Task goal = Nothing is needed except the lines below that run from the one with "Pivot Web Guiding System Jl400A" through the one with "Apartamento à venda, 3", repeated exactly.

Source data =
* * *
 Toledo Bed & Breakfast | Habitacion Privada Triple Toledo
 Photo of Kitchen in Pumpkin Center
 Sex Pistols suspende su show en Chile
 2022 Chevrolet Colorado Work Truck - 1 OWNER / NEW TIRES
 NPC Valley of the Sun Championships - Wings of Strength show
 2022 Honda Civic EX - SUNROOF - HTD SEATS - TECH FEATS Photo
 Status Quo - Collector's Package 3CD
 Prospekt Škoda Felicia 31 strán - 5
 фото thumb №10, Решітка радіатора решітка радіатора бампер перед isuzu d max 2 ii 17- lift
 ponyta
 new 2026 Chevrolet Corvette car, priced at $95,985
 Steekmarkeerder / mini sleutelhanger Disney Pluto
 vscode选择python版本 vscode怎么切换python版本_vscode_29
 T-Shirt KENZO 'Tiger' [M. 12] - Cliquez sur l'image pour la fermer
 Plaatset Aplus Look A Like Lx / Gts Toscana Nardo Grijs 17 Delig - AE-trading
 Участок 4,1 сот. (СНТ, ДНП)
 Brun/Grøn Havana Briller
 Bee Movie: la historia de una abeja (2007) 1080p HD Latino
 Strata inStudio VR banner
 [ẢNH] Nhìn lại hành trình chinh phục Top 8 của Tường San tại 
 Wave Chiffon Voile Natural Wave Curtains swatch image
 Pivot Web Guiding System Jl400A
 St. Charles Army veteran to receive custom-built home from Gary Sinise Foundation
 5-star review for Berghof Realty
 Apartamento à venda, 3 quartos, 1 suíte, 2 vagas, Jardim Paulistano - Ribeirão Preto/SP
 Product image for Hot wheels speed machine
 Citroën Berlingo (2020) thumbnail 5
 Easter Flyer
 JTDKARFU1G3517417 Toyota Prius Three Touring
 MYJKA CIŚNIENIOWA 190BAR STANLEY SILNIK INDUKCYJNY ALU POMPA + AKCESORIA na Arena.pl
* * *
Output for this exercise =
 Pivot Web Guiding System Jl400A
 St. Charles Army veteran to receive custom-built home from Gary Sinise Foundation
 5-star review for Berghof Realty
 Apartamento à venda, 3 quartos, 1 suíte, 2 vagas, Jardim Paulistano - Ribeirão Preto/SP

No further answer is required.